The Fate of a Demon and an Angel

by Daelena



Category: Good Omens (TV), Good Omens - Neil Gaiman & Terry Pratchett
Genre: Angels, Demons, M/M, On their own side, Slow Burn, Surprise Marriage, Their wings change colors, ineffable husbands
Language: English
Status: Completed
Published: 2019-07-14
Updated: 2019-07-14
Packaged: 2020-06-27 21:41:30
Rating: Teen And Up Audiences
Warnings: No Archive Warnings Apply
Chapters: 1
Words: 3,153
Publisher: archiveofourown.org
Story URL: https://archiveofourown.org/works/19798324
Author URL: https://archiveofourown.org/users/Daelena/pseuds/Daelena
Summary: Adam Young didn't quite get everything right in Aziraphale's bookshop when he reset the world after the Not-Armageddon. While wearing the angel's face, Crowley fixes that little oversight. What happens after is not quite what the demon could have expected, but it was worth it. After all, six thousand years is too long to say "I love you."





	The Fate of a Demon and an Angel

**Author's Note:**

> Disclaimer: Ha! I don’t own anything here. I’m simply playing in this sandbox for the time being. All of the toys will be given back, once I’ve finished.
> 
> This is my first Good Omens/Ineffable Husbands fic. Please be kind to me! 
> 
> The idea of this stemmed from the idea that Adam didn’t quite get everything in Aziraphale’s bookshop right when he reset the world after the Nah-Pocalypse. Given that a very specific angel didn’t actually see the bookshop until after the Great Switcheroo, I have a feeling that Crowley knew exactly what was wrong with the bookshop as soon as he walked in, wearing the angel’s face. Everything just sort of unfolded from there.  
> At any rate, please enjoy this!

The bookshop didn’t smell right. 

In the wake of the Apocalypse-That-Did-Not-Happen, Adam Young, formerly the Antichrist and possibly now just an ordinary eleven-year-boy from Lower Tadfield, had gotten pretty much everything right when he had reset the world in the wake of throwing the proverbial bird at both Heaven and Hell. To the casual observer, Aziraphale’s much-beloved bookshop looked and felt just as it had before it had burnt down. Oh, there were certain titles there that hadn’t been there prior to the End Times, but that could easily be chalked up to being the additions of an imaginative boy. 

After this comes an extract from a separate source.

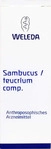 PZN-DE 02904533, Sambucus / Teucrium comp. Dilution Mischung Inhalt: 50 ml,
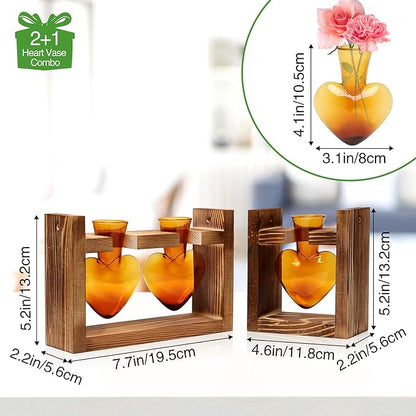 2+1 Plant Terrarium Plant Propagation Station Birthday Gifts for Women Home Office Decor with Wooden Stand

Everything was the same as it had been before – save for the distinctly-unique mix of warm cocoa, old leather, and just a hint of lavender that Aziraphale had cultivated over the years.

Crowley, currently wearing the face of the aforementioned angel in anticipation of the retribution of his companion’s former bosses (if Agnes Nutter’s final prophecy proved to be correct), noticed the lack of smell right off the bat. The shop meant so much to Aziraphale. He would notice right away if something as fundamental as its smell was off. That would knock him completely out of sorts – and the demon could not abide by that.

So, he did the only thing that he could do to resolve the issue.

Crowley performed a miracle and the bookshop was back to just how it should be. Inhaling, he grinned mildly, feeling the strangeness of that particular action performed with the unfamiliar yet oh-so-familiar features of Aziraphale. Now, everything was just as it should be.

That settled, the demon masquerading as an angel left to meet up with an angel currently wearing the face of a demon.

Much later, once they had gotten the eyes and weight of both Heaven and Hell off of their shared backs and they had switched back to their rightful faces, the angel and demon shared an extended dinner at the Ritz. Too many dishes and many bottles of wine were shared between them, resulting in Crowley and Aziraphale being in a pleasantly tipsy state once they finally left the Ritz. 

Crowley slung an arm casually around Aziraphale’s shoulders and Aziraphale made no move to step away from that touch. In fact, the angel leaned a little into that touch, his own arm working its way around the demon’s waist, steadying Crowley as he swayed a bit on his feet. 

Making a light humming noise, Crowley steered them in the direction of the bookshop.

He wanted Aziraphale to see the restored bookshop – and to see if the angel noticed the restored proper smell. 

When they finally walked into the shop, the closed sign swinging in the door behind them and the lights coming up almost immediately, Crowley watched Aziraphale closely to see his reaction as he took in the sight of his restored bookshop. 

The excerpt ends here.